Bug 15781 - improve pass-2 function suggestions
Summary: improve pass-2 function suggestions
Status: RESOLVED FIXED
Alias: None
Product: systemtap
Classification: Unclassified
Component: translator (show other bugs)
Version: unspecified
: P2 normal
Target Milestone: ---
Assignee: Unassigned
URL:
Keywords:
Depends on:
Blocks:
 
Reported: 2013-07-25 13:45 UTC by Jonathan Lebon
Modified: 2014-01-22 21:10 UTC (History)
0 users

See Also:
Host:
Target:
Build:
Last reconfirmed:


Attachments

Note You need to log in before you can comment on or make changes to this bug.
Description Jonathan Lebon 2013-07-25 13:45:57 UTC
In bug 15375, function suggestions were added when DWARF function probes could not be resolved. There are two things that could be improved:

1. Also suggest things for optional probes

This is also mentioned in the code in tapsets.cxx:7189. In a nutshell, if a probe contains optional probe points, then suggestions should also be offered for the optional ones if none of the probe points could be resolved. A few ideas on how we could go about this:
 - Always calculate suggestions, regardless of optionality, except for process(glob) and library(glob) recursive calls to build()
 - To distinguish between truly script optional probe points (appended with ?) and optional probes that were synthesized from process(glob) and library(glob) components, instead of overriding the optional parameter, create another field in the probe_point struct (or change optional member to an enum?)
 - Buffer the suggestions in the original derive_probes() call and print them out at the end only, if all probe points failed.

2. Improve levenshtein() algorithm

- Since we're only going to be printing MAXFUNCS functions, we can abort the calculations in levenshtein() at any point we know that the final score will be higher than the top MAXFUNCS functions already calculated. This is also mentioned in the code in util.cxx:1087.
- An easy way to quickly improve performance is to compare the length of the strings right from the start. If their diff is larger than the max, then abort.
- Other possible tips available in these pages:

http://en.wikipedia.org/wiki/Levenshtein_distance
http://stackoverflow.com/questions/3183149/
http://markos.gaivo.net/blog/?p=211
Comment 1 Jonathan Lebon 2013-12-12 15:43:31 UTC
(In reply to Jonathan Lebon from comment #0)
> 1. Also suggest things for optional probes
> 
> This is also mentioned in the code in tapsets.cxx:7189. In a nutshell, if a
> probe contains optional probe points, then suggestions should also be
> offered for the optional ones if none of the probe points could be resolved.

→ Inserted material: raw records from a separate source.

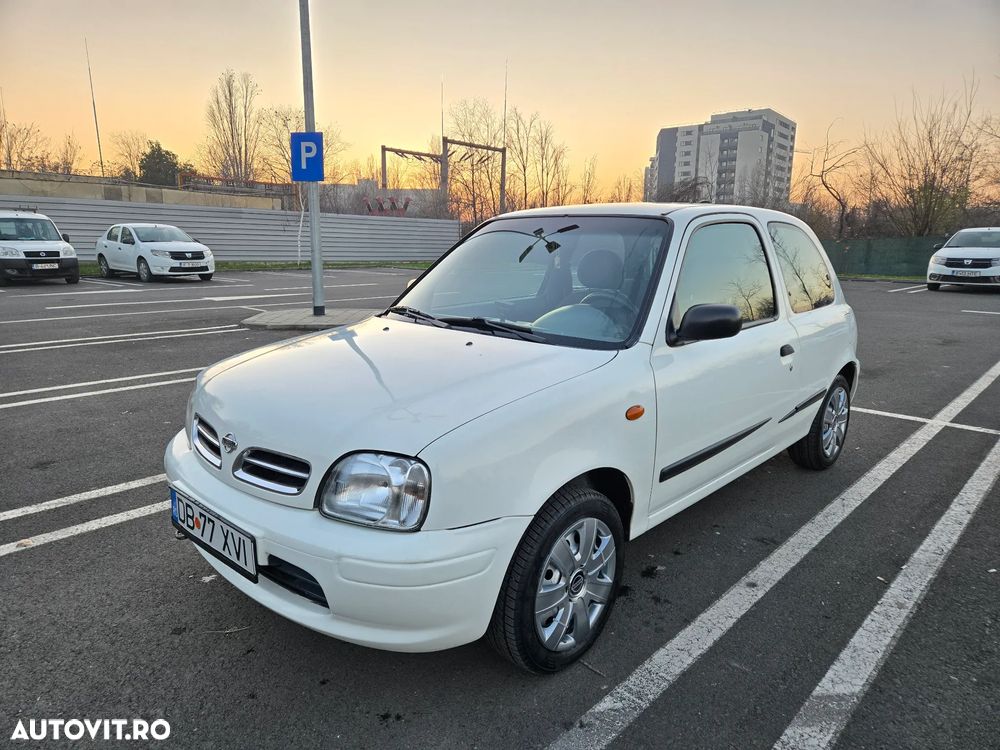 Nissan Micra 1.4 CVT Luxury - 1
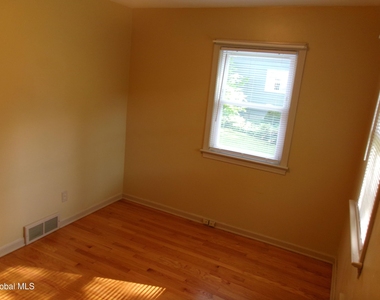 2023 Fairlawn Parkway - Photo Thumbnail 24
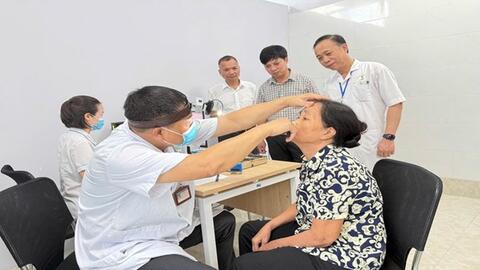 Khám sức khỏe định kỳ miễn phí: Đã xét nghiệm trong năm, có thể không phải làm lại
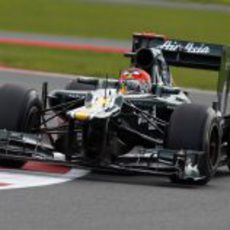 Heikki Kovalainen probó los medios en los Libres 3 de Silverstone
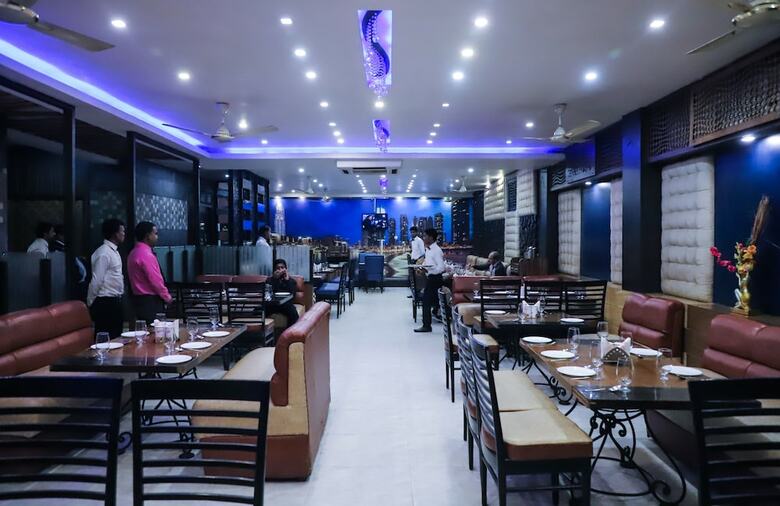 Hotel Vijan Palace Jabalpur
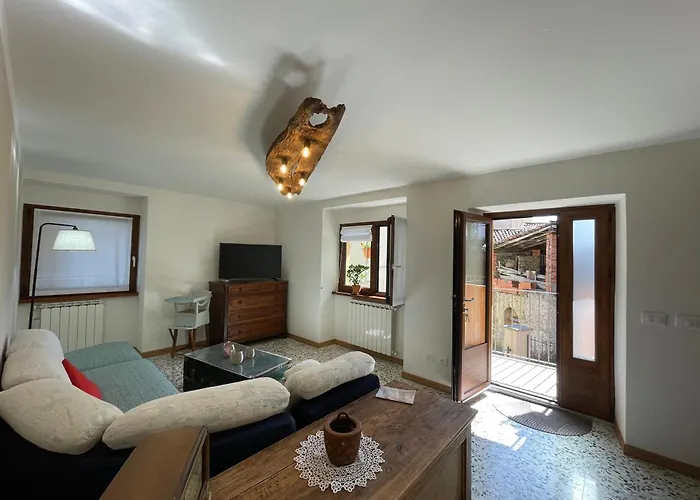 Nyaraló Cantusuet *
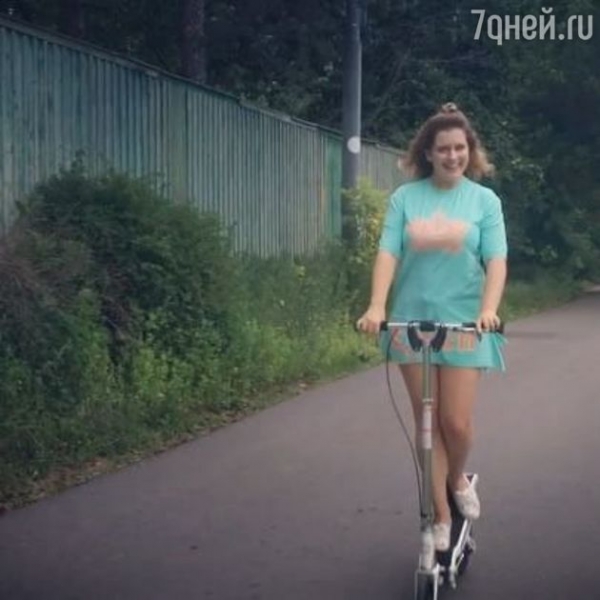 Анастасия Денисова разгоняет жирок на самокате 
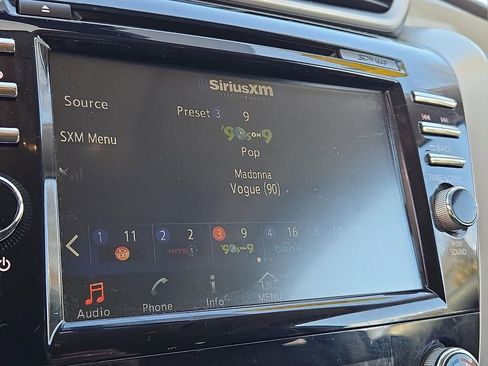 Used 2017 Nissan Murano Platinum w/ Platinum Technology Package image 18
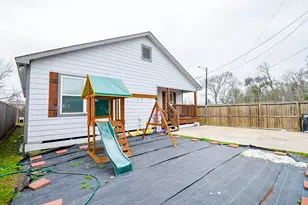 5615 Barton St, Houston, TX 77028 - Photo 2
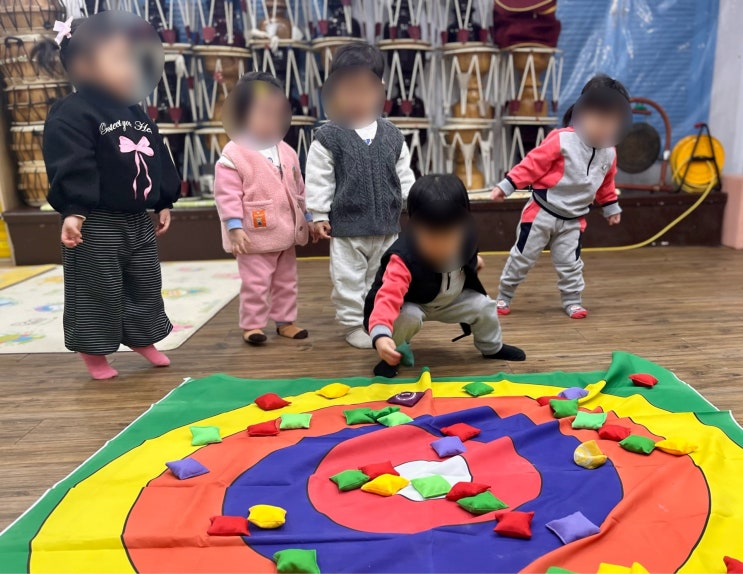  수지 아이큰별어린이집 설날 체육활동 민속놀이 전통놀이 유아새해활동 새해놀이 유아 자치기 팽이놀이 딱지치기 공기놀이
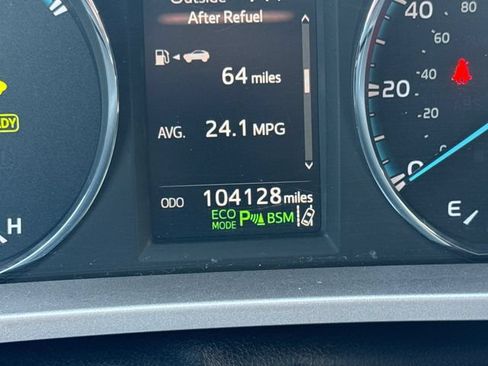 Used 2016 Toyota RAV4 Limited AWD/4WD image 12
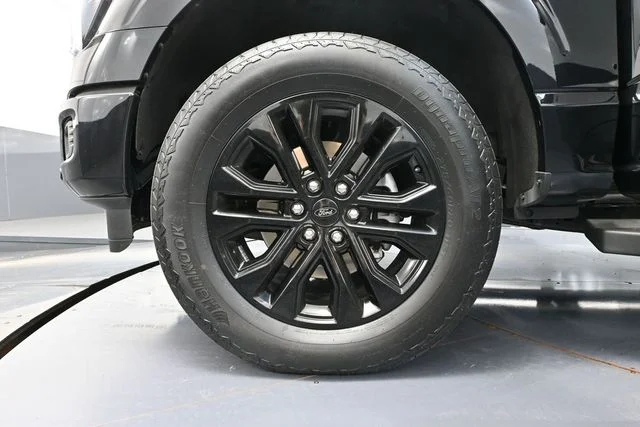 2025 Ford F-150 Lariat - Photo 19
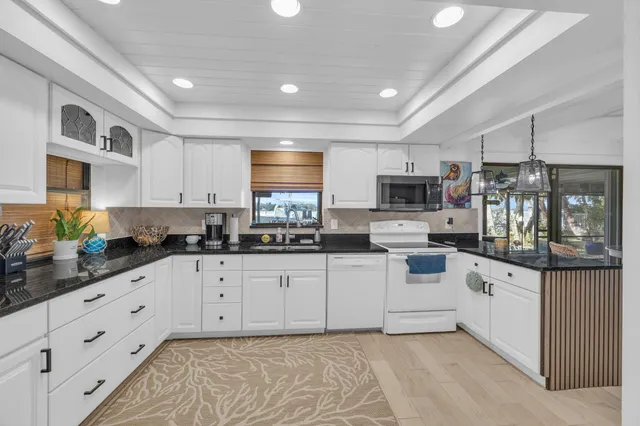 $4,900,000 | 1305 Peninsular Road, Jupiter, FL 33469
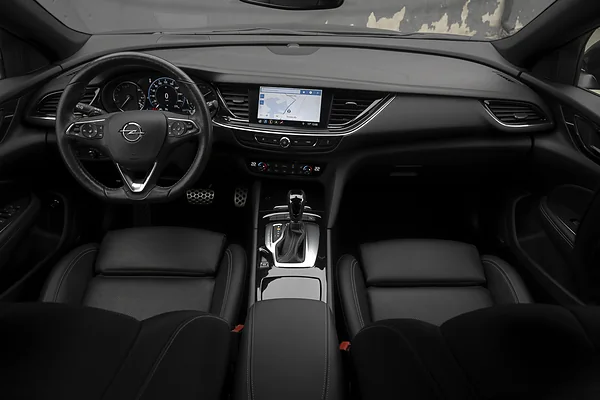 Opel Insignia, foto 9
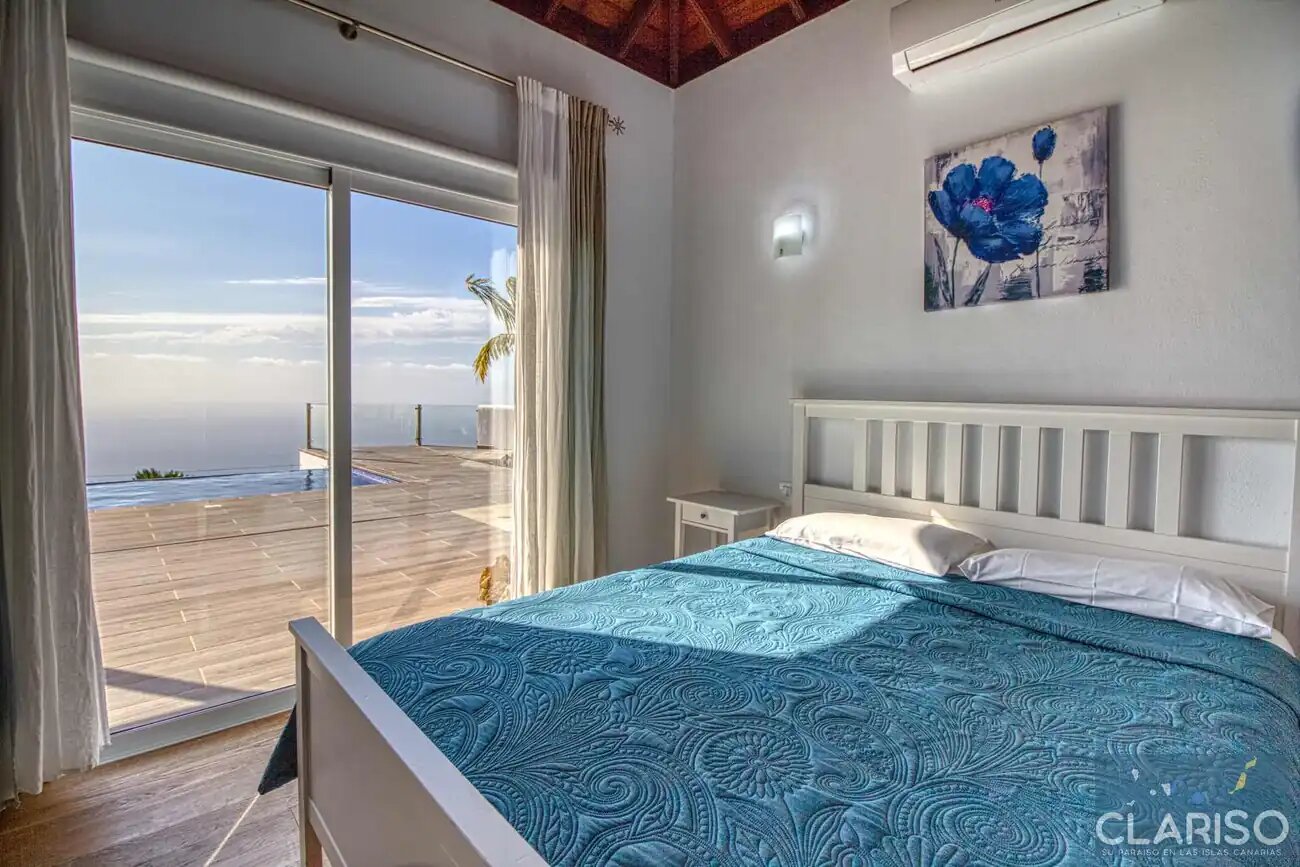 Villa Diamante: Ferienhaus mit Infinity-Pool und Meerblick in Tijarafe auf La Palma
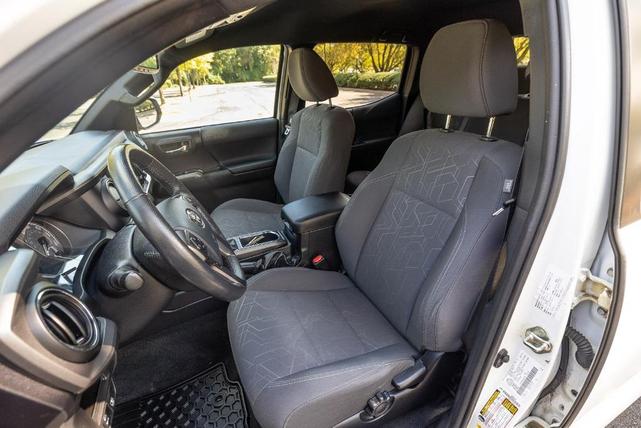 Photo of 2017 Super White Toyota Tacoma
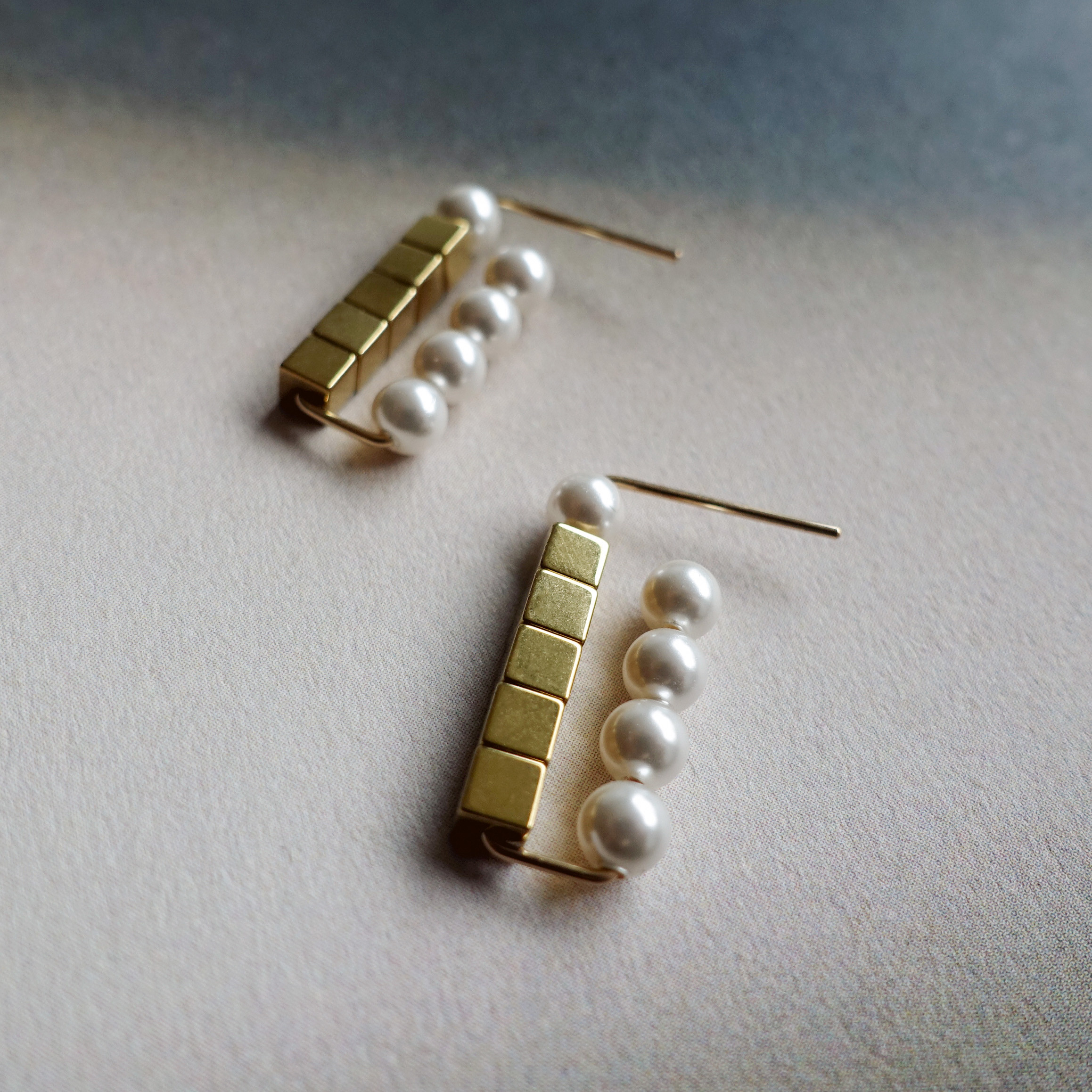 K14gf  ’ Line ’ ピアス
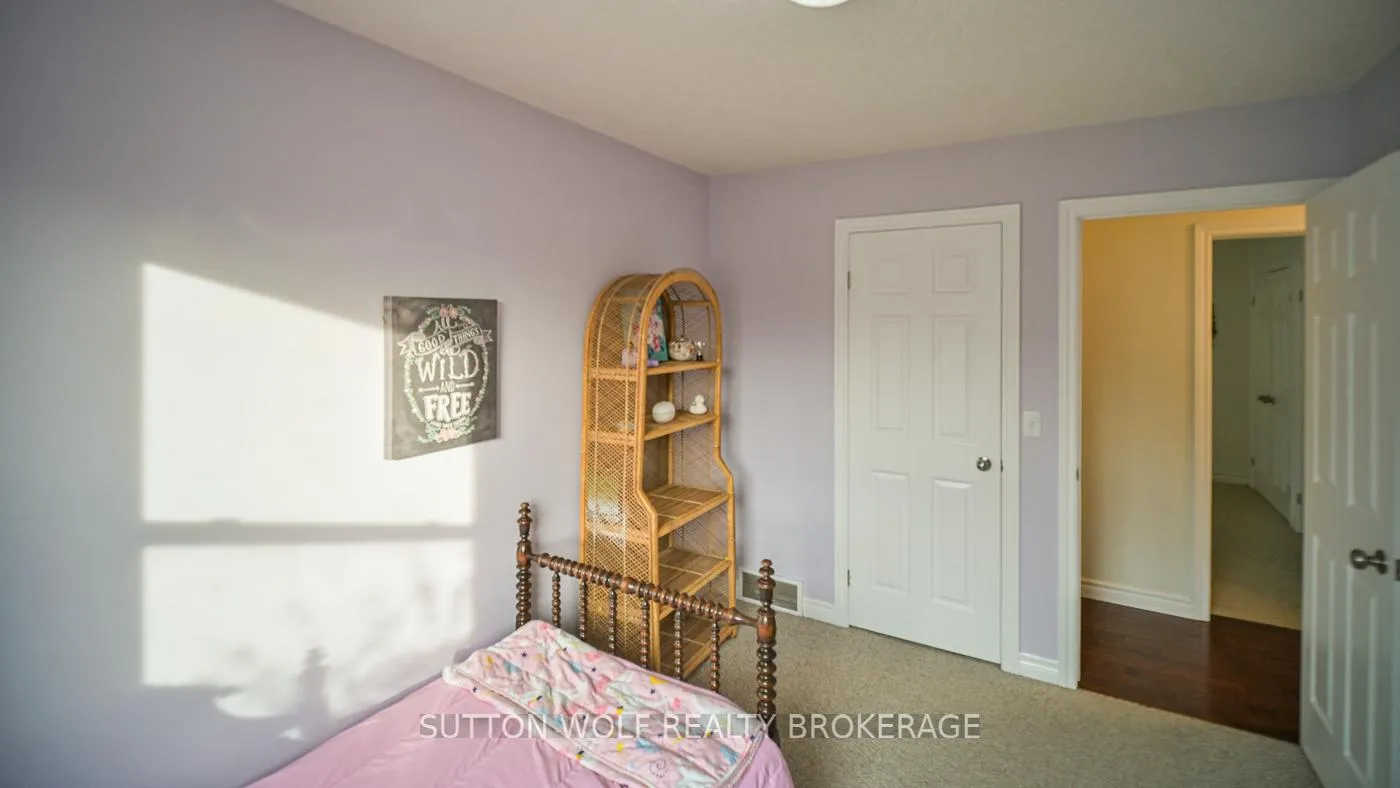 Photo 14 of 29 Pittao Place, Strathroy-Caradoc, NE — HOMEH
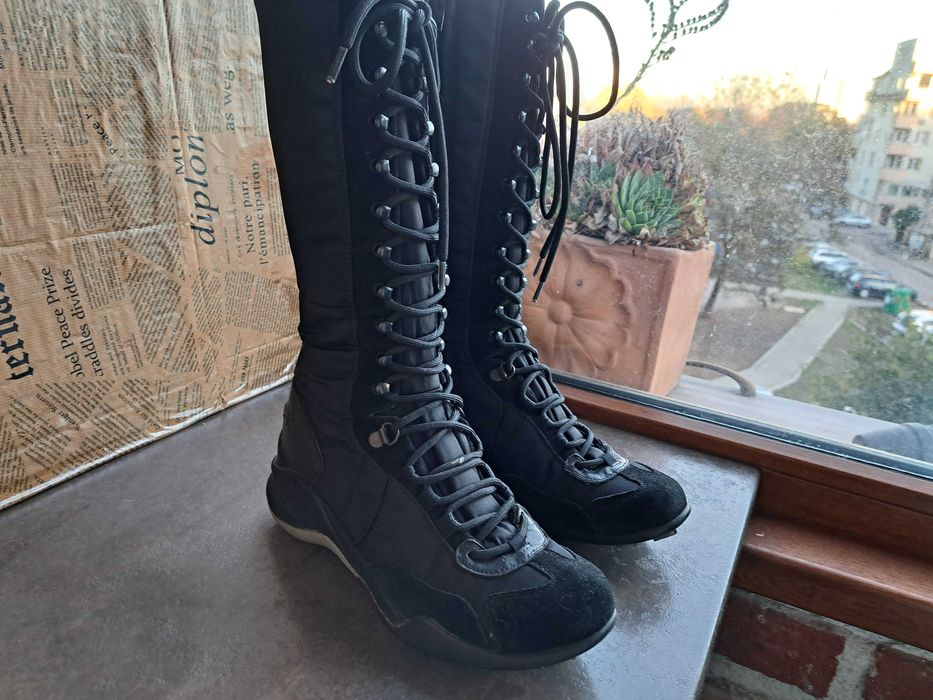 дамски ботуши,зимни обувки,спортни боти,FORNARINA,номер 38,с платформа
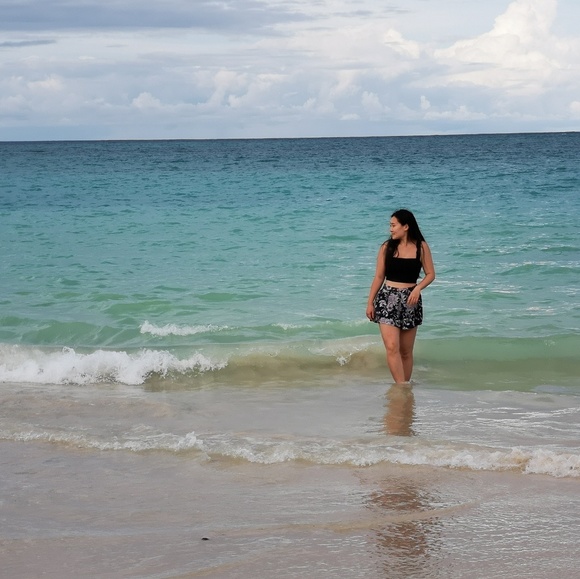 Meet your Posher, Sher - Picture 1 of 1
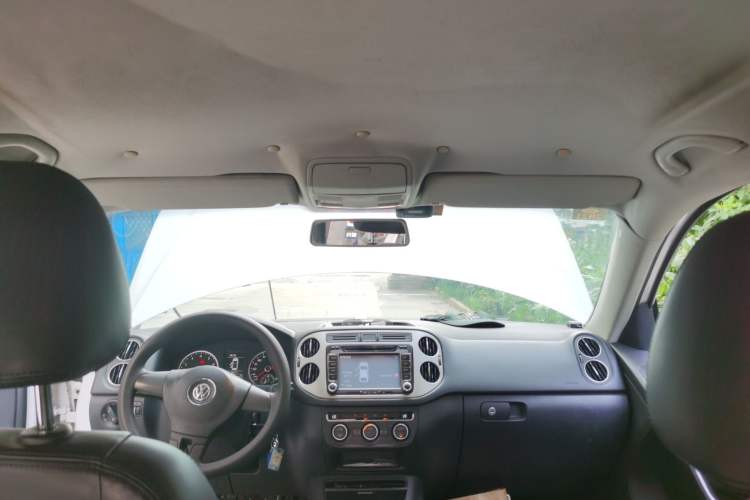 Used Volkswagen Tiguan 2013 1.4 TSI Manual Two-Wheel Drive BlueMotion Edition Headliner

Clarification on what this means:

probe kernel.function("not_a_func") { next }
   -- p2 fail, suggests alternatives to function name

probe kernel.function("not_a_func1"), kernel.function("not_a_func2") { next }
   -- p2 fail, suggests alternatives for both function names

probe kernel.function("not_a_func1")?, kernel.function("vfs_read") { next }
   -- works, does not suggest anything

probe kernel.function("not_a_func1")?, kernel.function("not_a_func2")? { next }
   -- works, does not suggest anything (assuming there are other probes in the script, otherwise p2 fail with 'no probes found' and no suggestions)

probe kernel.function("not_a_func1")?, kernel.function("not_a_func2") { next }
   -- p2 fail, suggests alternatives for the non-optional probe point only

What we're describing in this PR is that in the last case, we should suggest something for both probe points, regardless of optionality, because the whole probe failed to resolved. We could also extend this to catch the before-last case as well if it would result in a p2 fail.

This might be more trouble than it's worth, especially due to globby probes and recursive calls, as well as performance issues, if the approach relies on calculating suggestions for each probe point prematurely.

> 2. Improve levenshtein() algorithm
> 
> - Since we're only going to be printing MAXFUNCS functions, we can abort the
> calculations in levenshtein() at any point we know that the final score will
> be higher than the top MAXFUNCS functions already calculated. This is also
> mentioned in the code in util.cxx:1087.
> - An easy way to quickly improve performance is to compare the length of the
> strings right from the start. If their diff is larger than the max, then
> abort.

This was done in commit 59b11ea.
Comment 2 Jonathan Lebon 2014-01-16 23:19:53 UTC
(In reply to Jonathan Lebon from comment #0)
> In bug 15375, function suggestions were added when DWARF function probes
> could not be resolved. There are two things that could be improved:
> 
> 1. Also suggest things for optional probes

I've created the branch jlebon/pr15781 containing patches to do this. The technique relies on derive_probes buffering semantic_error objects caught for optional probe points as well as a new field in probe_point to track whether the probe point was created from a globby one.
Comment 3 Jonathan Lebon 2014-01-22 21:10:23 UTC
Now in master (commit 4bb17d5 and previous ones).